System R review

From: Alexander Moshchuk (anm@cs.washington.edu)
Date: Mon May 24 2004 - 10:28:10 PDT

  • Next message: Steven Balensiefer: "System R"

    The paper describes how System R implements query optimization. I
    guess System R is to DBMS what Unix is to OS; the basic architecture
    and many ideas, especially concerning the optimizer described here,
    can still be found in today's systems.

    The paper focuses on choosing access paths (i.e. finding good plans)
    for efficient query evaluation. This optimization phase comes after
    parsing and is followed by the actual code generation and execution
    steps. The authors note that optimization doesn't introduce
    significant overhead compared to other stages. The paper presents
    several important optimization-related concepts, including the cost
    model, use of dynamic programming, and the concept of interesting orders.

    The cost model in System R relies on several components, namely on (1)
    maintaining statistics about relations and indexes such as number of
    pages in a relation, (2) using these statistics to estimate
    selectivity of predicates, and (3) formulas to estimate the actual
    execution cost in terms of both I/O cost (pages fetched) and CPU
    utilization. In the latter, there is a weighing factor W in the
    formula to supposedly adjust between CPU and I/O cost, though the
    authors don't specify how to pick W. It would have been nice to at
    least know what they have picked for their configuration. I'm
    guessing in general, the CPU utilization cost should not be as
    relevant in the cost formula today as it was back then, seeing how CPU
    speeds have been outpacing disk speeds in huge proportions.

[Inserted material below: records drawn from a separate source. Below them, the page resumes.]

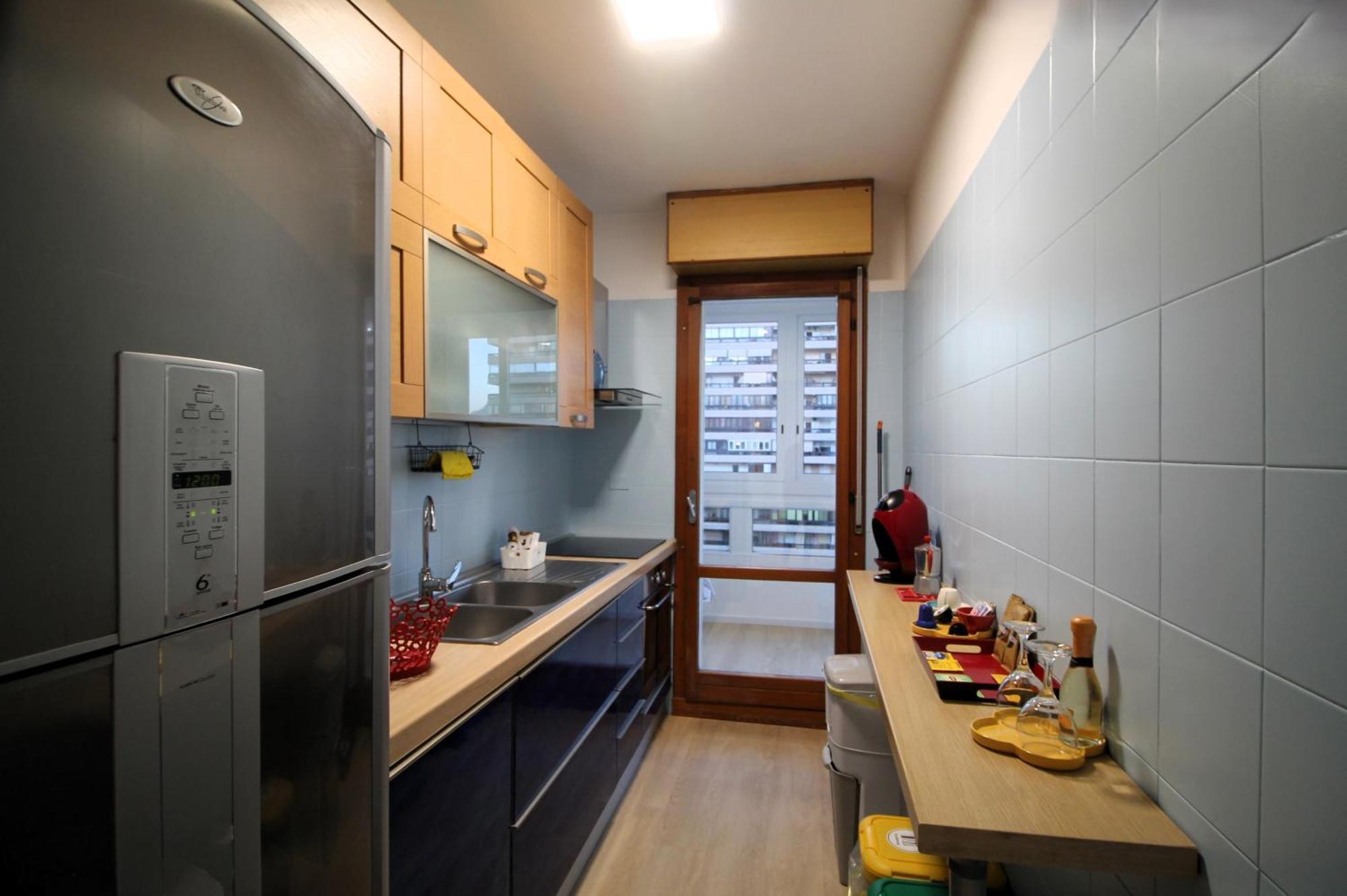 - Close To Metro & Connections Apartment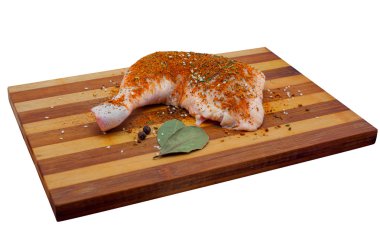 Tavuk jambon baharat ve ahşap, bambu kesme tahtası üzerinde defne yaprağı ile serpilir.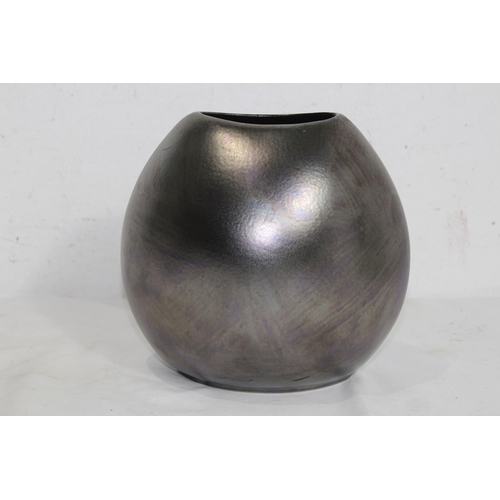 227 - POOLE BALUSTER VASE
19 X 18CM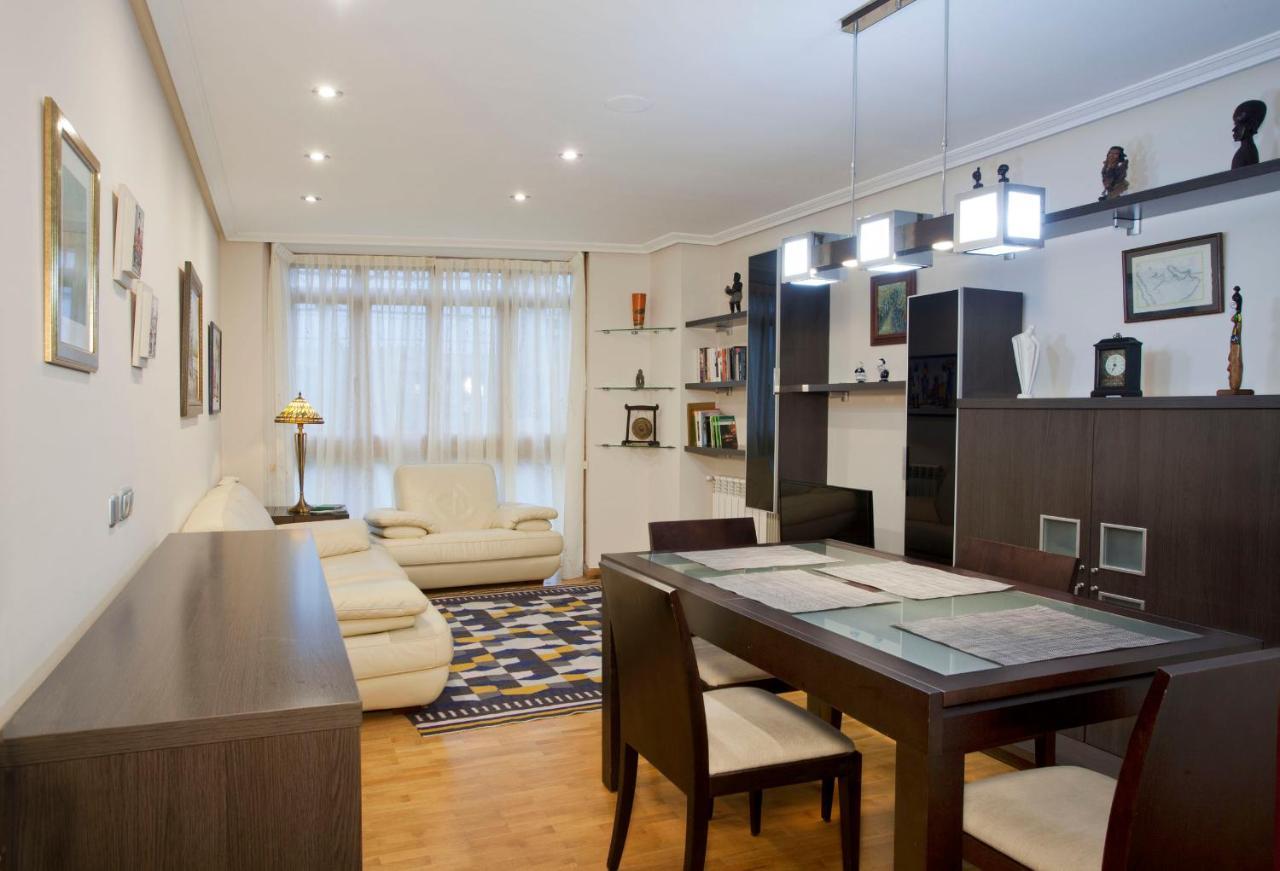 Apartamento De La Casona De Riomera โอเบียโด ภายนอก รูปภาพ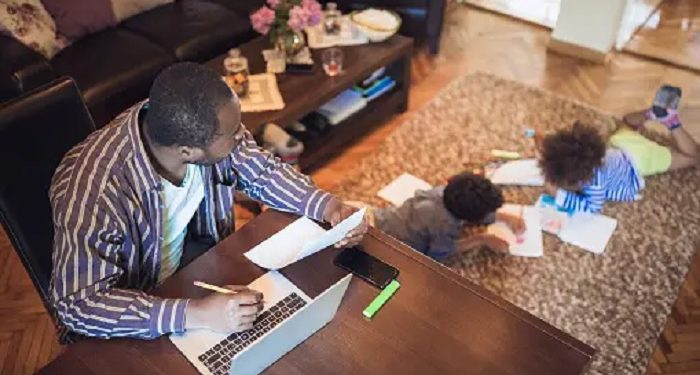 Mengasuh Anak Ketika Orangtua Sibuk Bekerja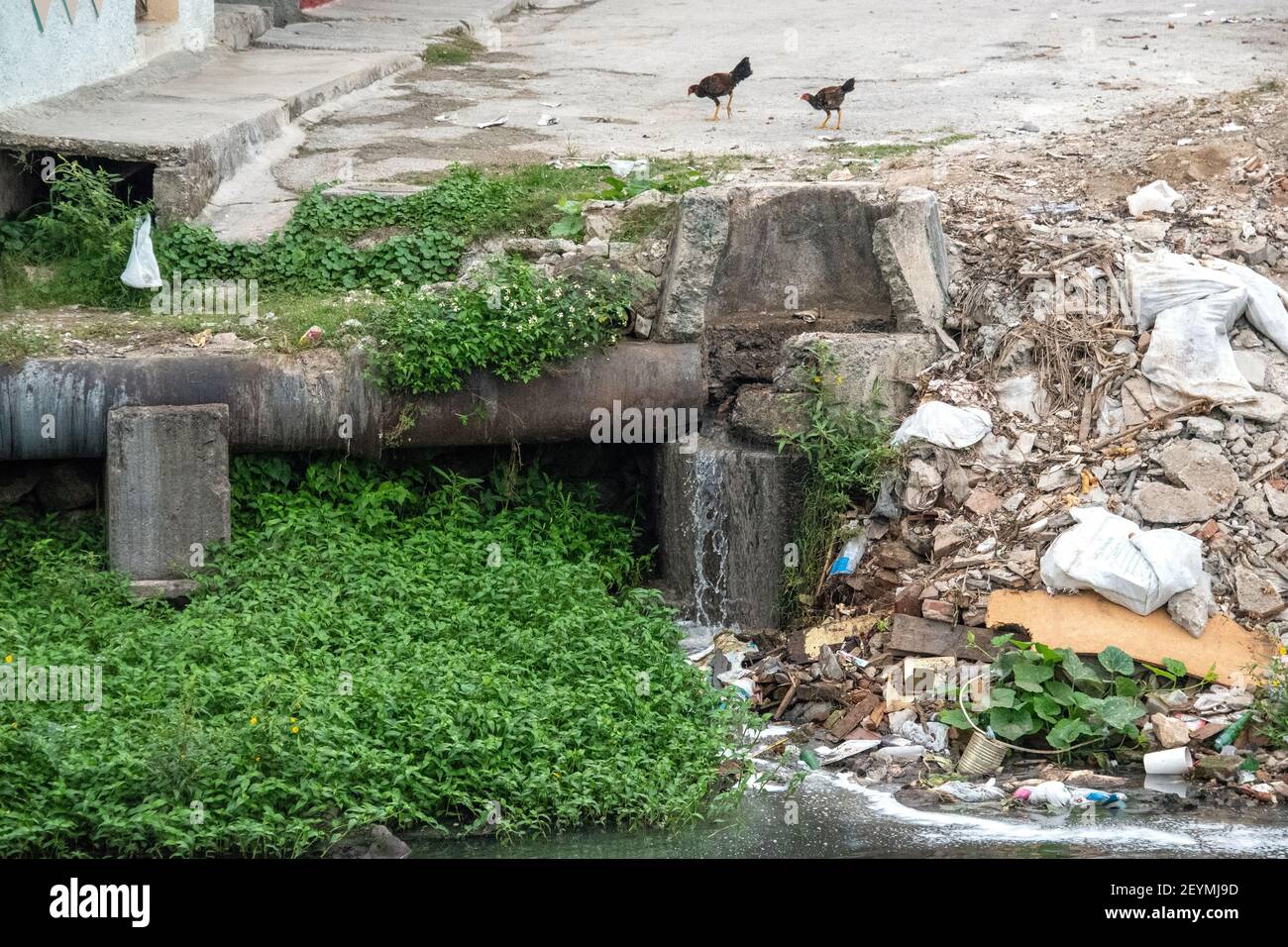 Perdite di acque reflue verso un fiume, Santa Clara, Cuba Foto Stock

    As we've seen and read in the other paper, System R introduced the
    dynamic programming approach for doing a sequence of joins, telling
    how to organize the search for the best plan in terms of finding the
    best join order for successively larger subsets of tables. A
    heuristic based on join predicates is used to reduce the permutations
    which are considered. Only two types of joins are considered - nested
    loops and merge-join. System R also considers "interesting orders",
    meaning that at each stage in the algorithm, in addition to the
    lowest-cost option, it also identifies and considers options that lead
    to tuple orderings which could reduce the cost of later stages in the
    execution plan.

    Overall, the optimization strategies were presented well, though I
    would have liked to see some kind of performance measurements to
    compare various optimization strategies (and unoptimized case). It's
    always nice to be able to quantitatively evaluate the benefits of
    anything that describes new optimization methods.


  • Next message: Steven Balensiefer: "System R"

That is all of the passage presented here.